The answer is the exact text of every line from the one that contains "Young participant develops" to the final line of the entries below, with pictures left out.

[[ Data provided, beginning ]]

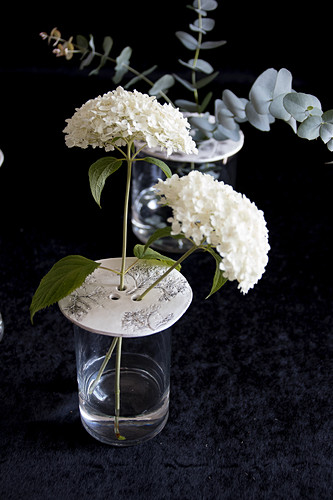 Hydrangeas in vase with perforated lid made from modelling clay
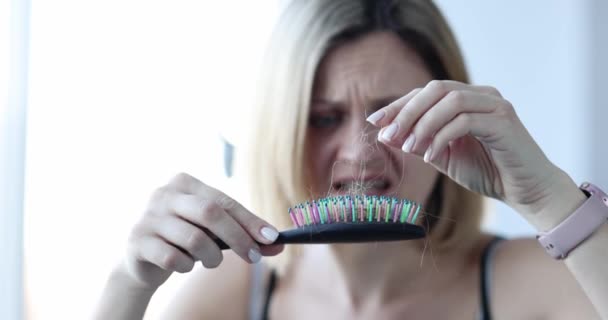 Woman looks in horror at comb with fallen hair closeup — Stock Video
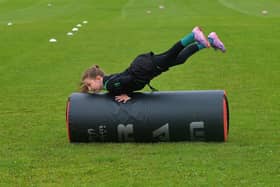 Young participant develops her tackling skills at the recent City of Derry Youth Rugby Summer Camp.  Photo: George Sweeney. DER2331GS – 53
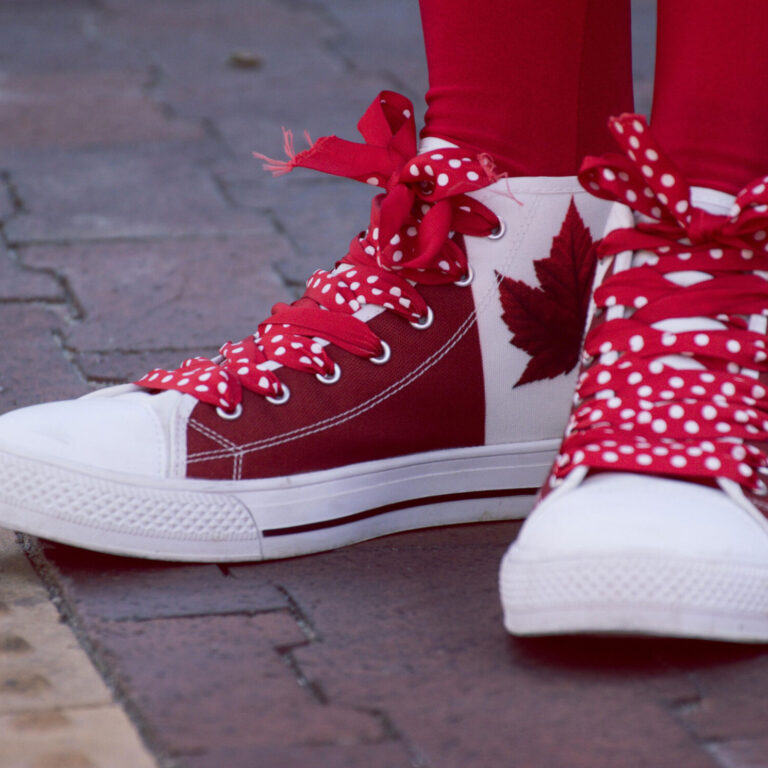 Shoes with Canadian flag print on them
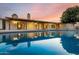 Backyard pool reflecting the house at dusk with a covered patio and lush foliage at 302 E Coral Gables Dr, Phoenix, AZ 85022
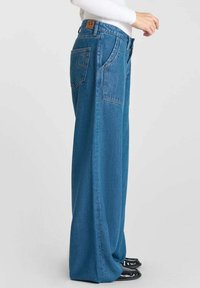 Jeans de denim de gran tamaño color azul claro con una cintura alta, grandes bolsillos y un parche con logo visible en la parte trasera. La tela tiene una textura suave.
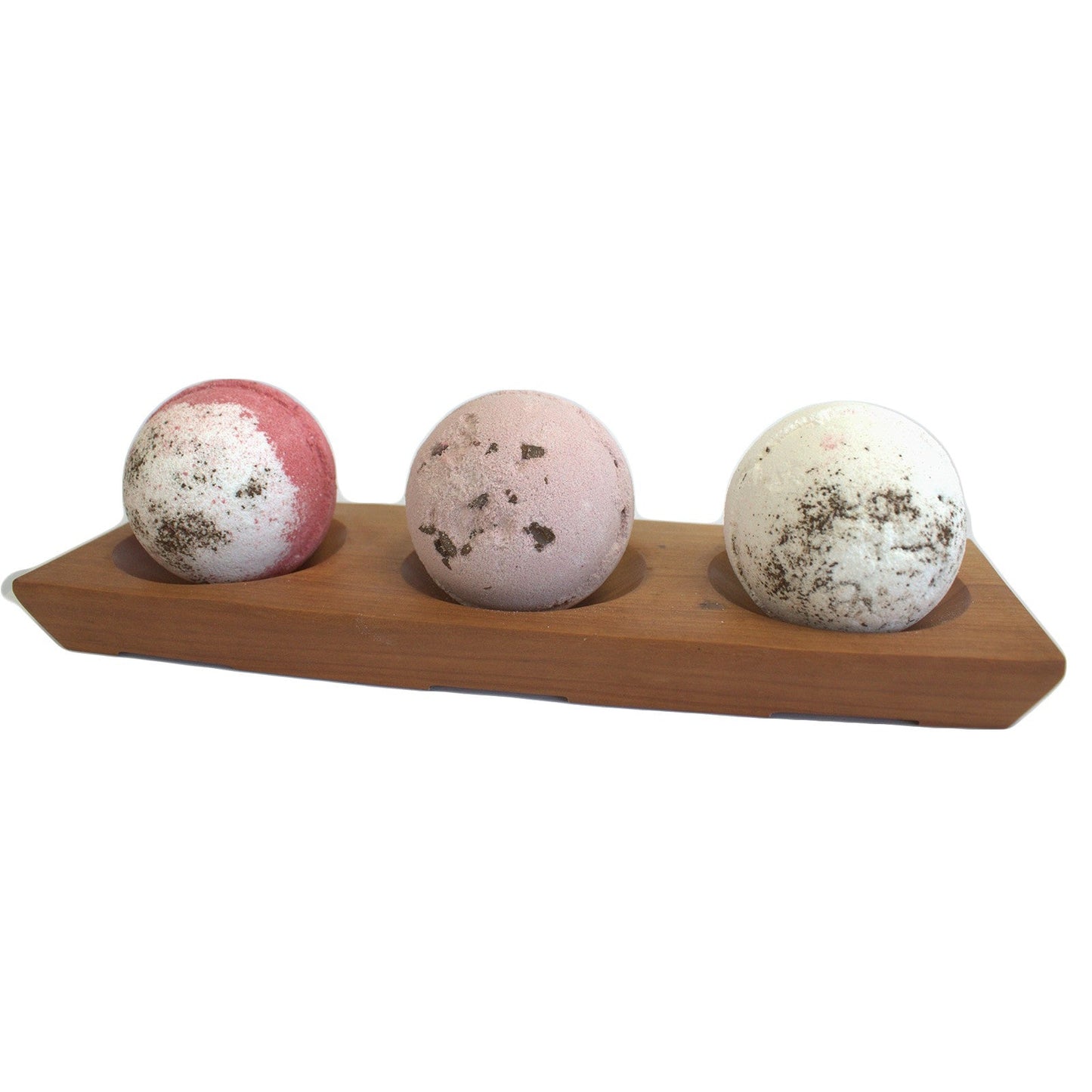 Wooden bath bomb holder on a white background. The bath bomb holder has three large bath bombs on it, one bath bomb in slightly dipped bay which is there to hold the bath bombs. Bath Bombs are pink with white, light pink and white. Each of the bath bombs in the bath bomb holder has some sort floral decoration on the top.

[[ Data provided, end ]]

Reply.
 Young participant develops her tackling skills at the recent City of Derry Youth Rugby Summer Camp.  Photo: George Sweeney. DER2331GS – 53
 Shoes with Canadian flag print on them
 Backyard pool reflecting the house at dusk with a covered patio and lush foliage at 302 E Coral Gables Dr, Phoenix, AZ 85022
 Jeans de denim de gran tamaño color azul claro con una cintura alta, grandes bolsillos y un parche con logo visible en la parte trasera. La tela tiene una textura suave.
 Wooden bath bomb holder on a white background. The bath bomb holder has three large bath bombs on it, one bath bomb in slightly dipped bay which is there to hold the bath bombs. Bath Bombs are pink with white, light pink and white. Each of the bath bombs in the bath bomb holder has some sort floral decoration on the top.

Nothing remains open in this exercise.